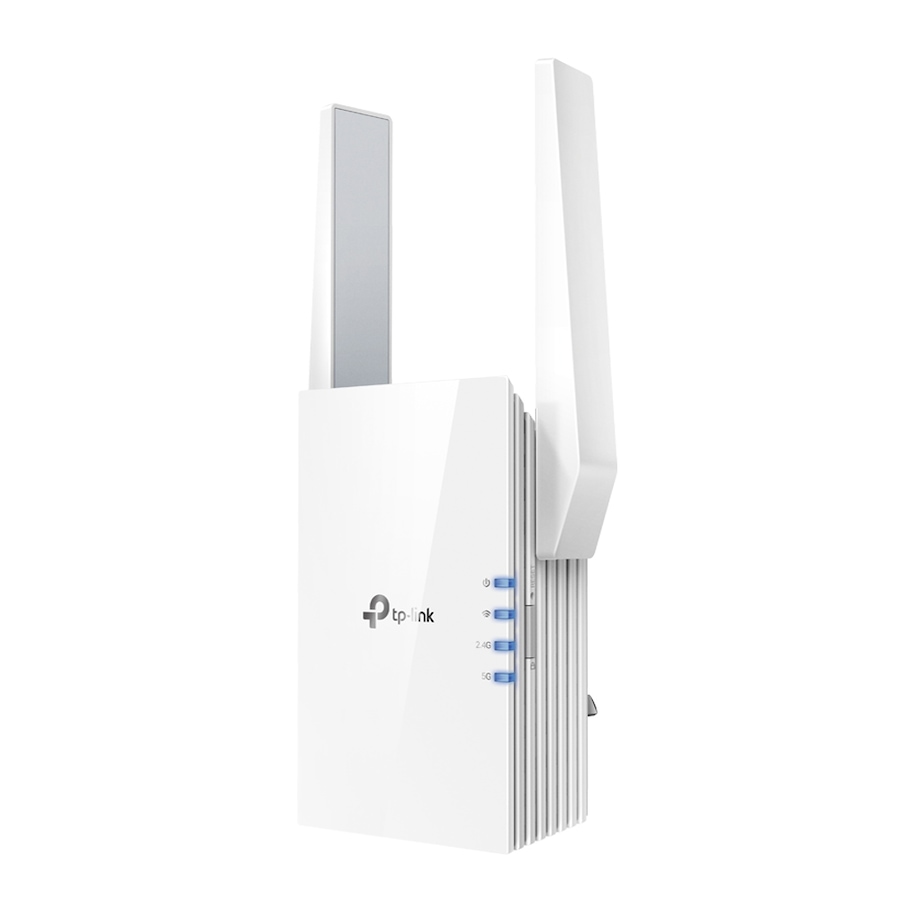 Image 733298.jpg, Product 733-298 / Price $99.99, TP-Link RE505X AX1500 Wireless Dual-Band Range Extender from TP Link on TSC.ca's Electronics department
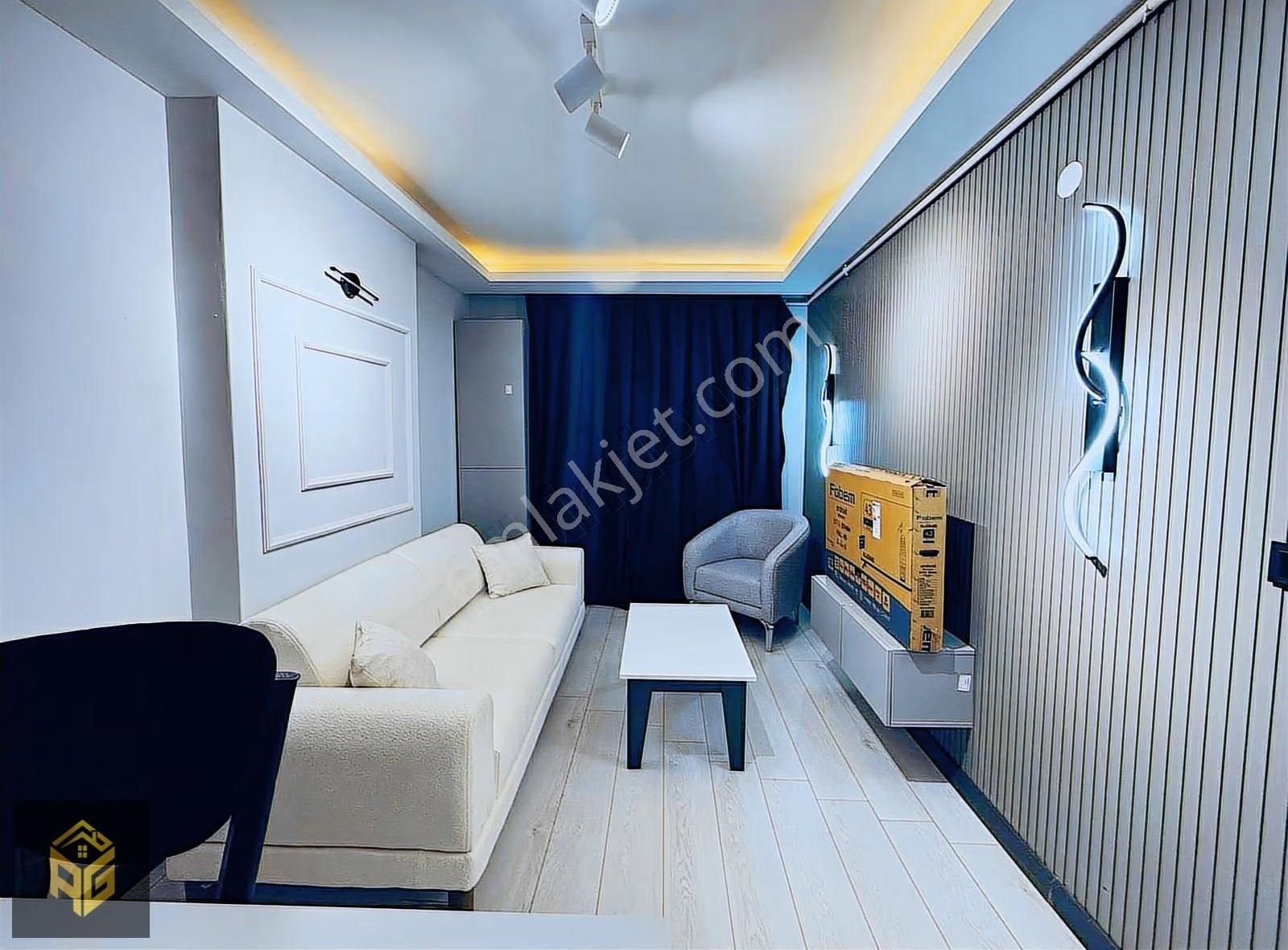 Görüklede Satılık Lüx Eşyalı Merkezi Konumda 2+1 Kiracısız Daire - Görsel 7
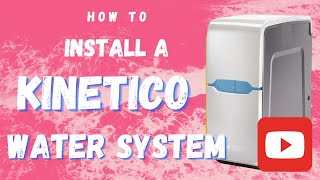 How To Install A Water Softener Easy Kinetico Water Softening System [upl. by Erinna]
********************
▶ [TASK OBJECTIVE]: Restate the listing word for word, pictures excluded.

▶ [EXERCISE RESPONSE]:
 Image 733298.jpg, Product 733-298 / Price $99.99, TP-Link RE505X AX1500 Wireless Dual-Band Range Extender from TP Link on TSC.ca's Electronics department
 Görüklede Satılık Lüx Eşyalı Merkezi Konumda 2+1 Kiracısız Daire - Görsel 7
 How To Install A Water Softener Easy Kinetico Water Softening System [upl. by Erinna]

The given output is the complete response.